In my memory I recall walking down a long path in to the forest (in reality about 5 metres) and there I would sit and talk to the forest beings. They were really friendly and I felt at home with them. They showed me how to meditate and I remember going into a staring like state and everything would wiggle like it was made of water or you were looking into water. I loved being with them and they accepted me wholly. It was a sweet experience that happened quite often as I recall.
Growing up I disconnected from the “other” realms that were introduced to me back then. In an act of individuation the separation was painful and I felt alienated attempting to fit into this world. I could barely understand the motivations of those about me. I dearly wanted to belong and this rift between my core belief and the seemingly regulated experience of the world was a far chasm to contemplate.
Over time I came back to meditation as it was one of the only things that would calm my soul completely. As taught by the good neighbors it saw me in good health mentally when I did it and I noticed the massive deficit when I didn’t.

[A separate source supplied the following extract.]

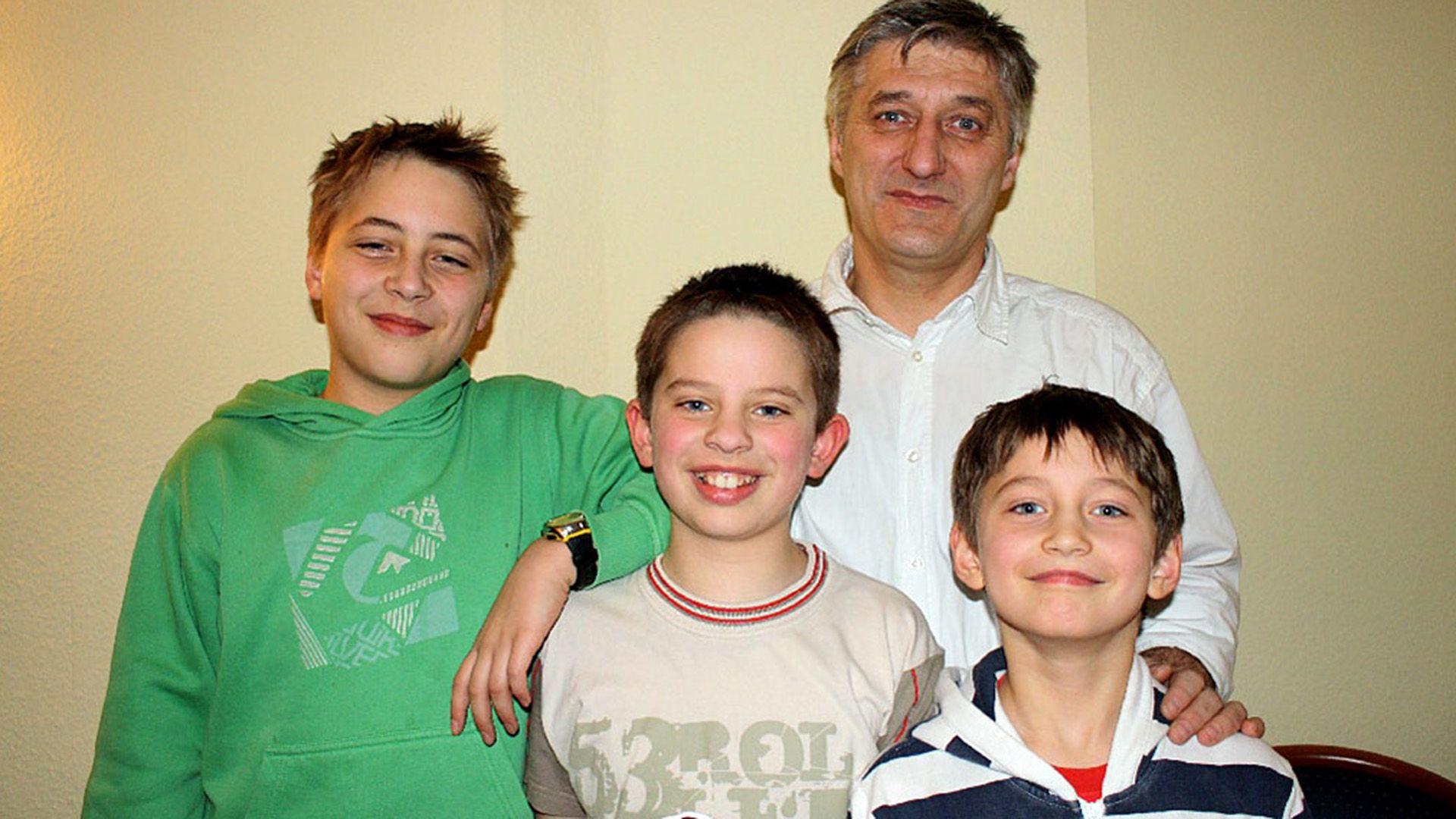 Vater und Kinder hängen am alten Haus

I tried prolonged times of not doing it and only fell into anxiety and depression. It brings health and I now swear by it and recommend it to anyone wanting change.
Over the years growing up and having various contacts with the other I always pined for a deeper connection to underpin the essence of my being. I didn’t realise that that was actually inevitable and contact would grow.
During my time in partnership with a psychic woman and living in the deep forest at Huonbrook NSW we had so much contact that to this day I look back to that place as inspiration towards my love of the good neighbours.
One day whilst living there I was out in the yard doing something and I walked into a circle of the cutest flowers and instantly heard beautiful female singing that sounded like a couple of voices overlayed each other in a language I felt familiar with yet could not understand. I thought my girlfriend was singing in the house so I called out to her and she replied that was in a building outside and not near the source of the sound. The sound continued when she replied and it was so beautiful I had to find it. One step towards the house out of the flower circle and the singing disappeared. I was surprised. I stepped back in and it wasn’t there.
Going over to the covered area which I thought was the source of the sound I found nothing. I knew what I heard and knew it was a good neighbour however I couldn’t prove it and explaining it to my girlfriend just racked up another mark for the amount of experiences that happened at Mill Road.
I didn’t know why they contacted me that way that time and so far I haven’t seen a pattern in the contact when it happens.
This very morning I had a dream of a beautiful fairy woman with long black hair and piercing eyes. She sang a song that was again directly into my head and reminded me of this previous encounter. She was being a bit flirtatious and I felt drawn to her. This time it felt like and invitation to her world. I look forward to more contact.